Presentation Information
[P2-30]Exploring the role of rhythmicity for infant word learning by entrainment of brain and behaviour in social contexts: A preliminary study
*Erica Flaten1, Cristina Conati2, Janet Werker1 (1. Department of Psychology, University of British Columbia (Canada), 2. Department of Computer Science, University of British Columbia (Canada))
Keywords:
Word Learning,Infants,Neural Tracking,EEG,Eye-tracking
Infants learn words from caregivers labelling objects with their names. Such interactions involve infant-directed (ID) communication, which is inherently highly rhythmic. Infants attend more to, learn better from, and more strongly neurally track ID than adult-directed speech, however, whether this is specifically due to rhythmicity is currently unknown. We thus posit that rhythmicity in ID speech dynamically engages infants’ cognitive processes in real time (such as measured via eye-tracking), which enhances word learning, and that such learning processes are anchored by underlying neural activity. We are currently testing this hypothesis while developing machine learning (ML) techniques to utilize infants’ multiple signals together (e.g., eye-tracking and/or EEG, video of facial expressions) to predict learning outcomes.
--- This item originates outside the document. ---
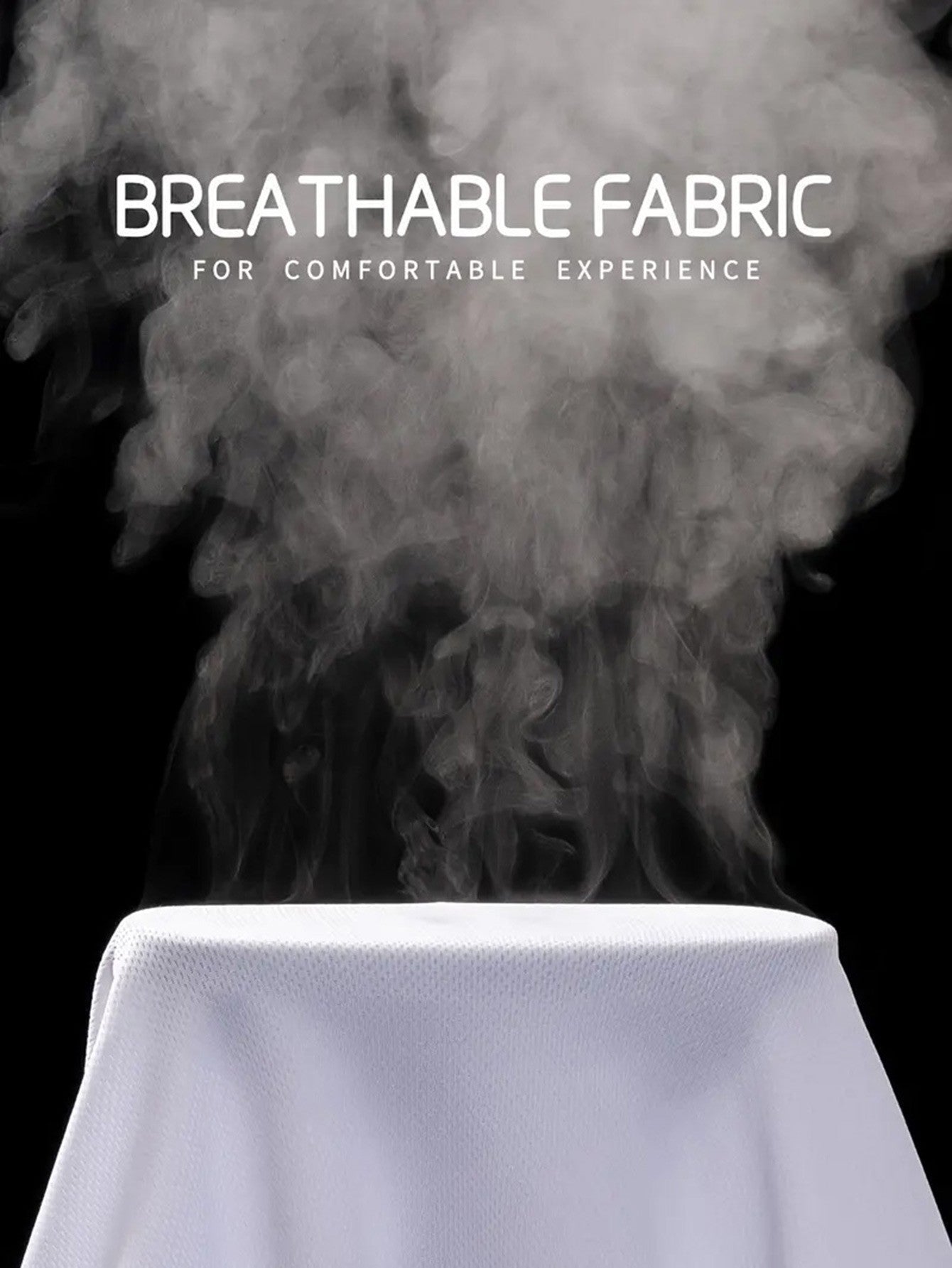 Round Neck T-Shirt 1 Piece White Ultra-Light Men's Quick Drying Breathable Sweat-Absorbent Shirt Suitable for Fitness Gym and Ru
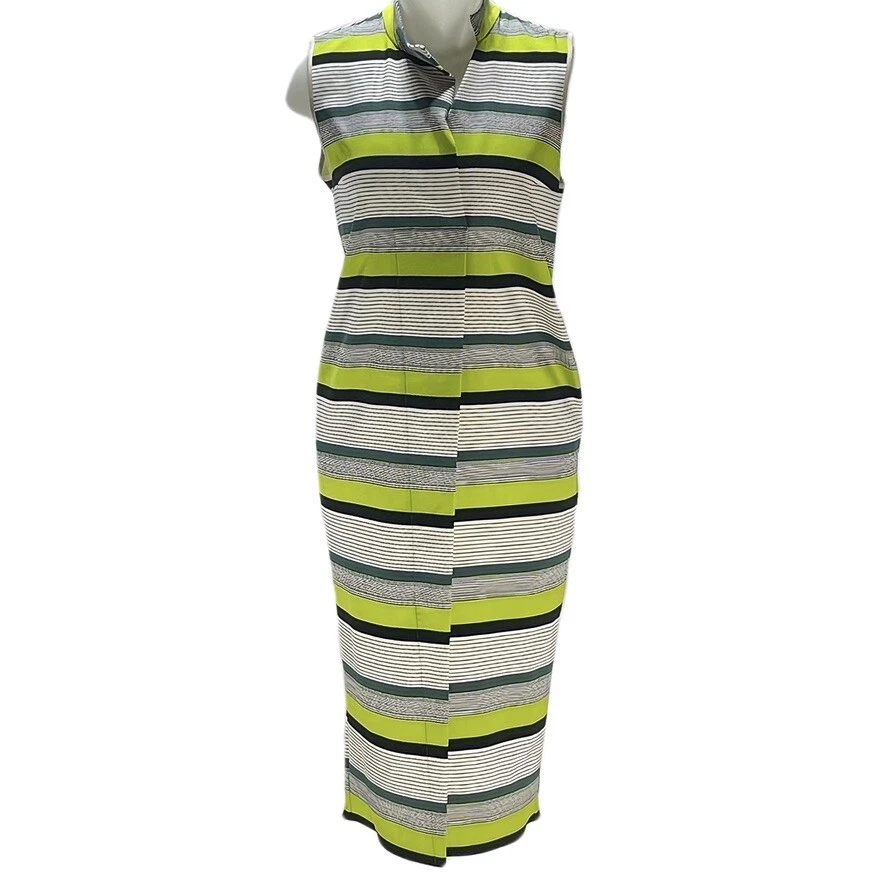 RACHEL-RACHEL ROY Midi рубашка платье в полоску Джерси в мульти зеленый женщин размер M - Изображение 3 из 4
Specifically, 9- to 11-month-old infants (data collection is ongoing) from English-speaking homes were familiarized with two novel objects one at a time on a screen, each paired with a pseudoword (e.g., ‘Bap’ &‘Dit’). The word was spoken repeatedly over an intonation phrase, and these phrases were manipulated to be rhythmically regular (i.e., with regular inter-onset-intervals[IOIs] between word onsets) or irregular (e.g., jittered IOIs between words). During familiarization, infants’ visual and neural signals were measured using eye-tracking and EEG, respectively. Following this, infants’ associative word learning was then tested: infants heard the learned pseudowords one at a time while both objects appeared on the screen, and looking times to the correct vs. incorrect object was measured to index learning. We predict that infants’ brains will more strongly track the regular compared to irregular phrases, and that this pattern will predict their word learning outcomes. Additionally, ML models will predict which infants learned best using the eye-tracking (and in the future, EEG and facial expression) data from the familiarization phase. This project is the first to directly manipulate rhythmic regularity in ID speech to investigate word learning, and additionally, to employ ML techniques to extract features from infants’ multiple signals that predict learning outcomes. This work will better our understanding of the processes involved in early language acquisition.